In this example, you load a SOFA file containing HRTF measurements for a single subject in MATLAB. You then analyze the HRTF measurements in the time domain and the frequency domain. Finally, you use the HRTF impulse responses to spatialize an audio signal in real time by modeling a moving source based on desired azimuth and elevation values.

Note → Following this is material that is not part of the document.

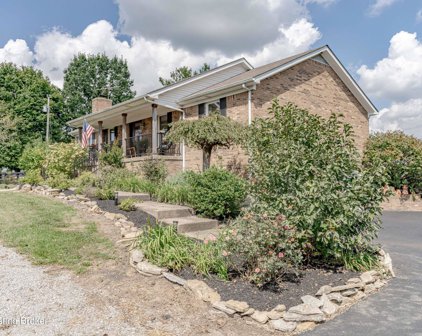 508 Locust Grove Rd, Shelbyville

Explore a SOFA File in MATLAB
You use a SOFA file from the SADIE II database [2]. The file corresponds to spatially discrete free-field in-the-ear HRTF measurements for a single subject. The measurements characterize how each ear receives a sound from a point in space.
Download the SOFA file.
downloadFolder = matlab.internal.examples.downloadSupportFile("audio","SOFA/SOFA.zip"); dataFolder = tempdir; unzip(downloadFolder,dataFolder) netFolder = fullfile(dataFolder,"SOFA"); addpath(netFolder) filename = "H10_48K_24bit_256tap_FIR_SOFA.sofa";
Display SOFA File Contents
SOFA files consist of binary data stored in the netCDF-4 format. You can use MATLAB to read and write netCDF files.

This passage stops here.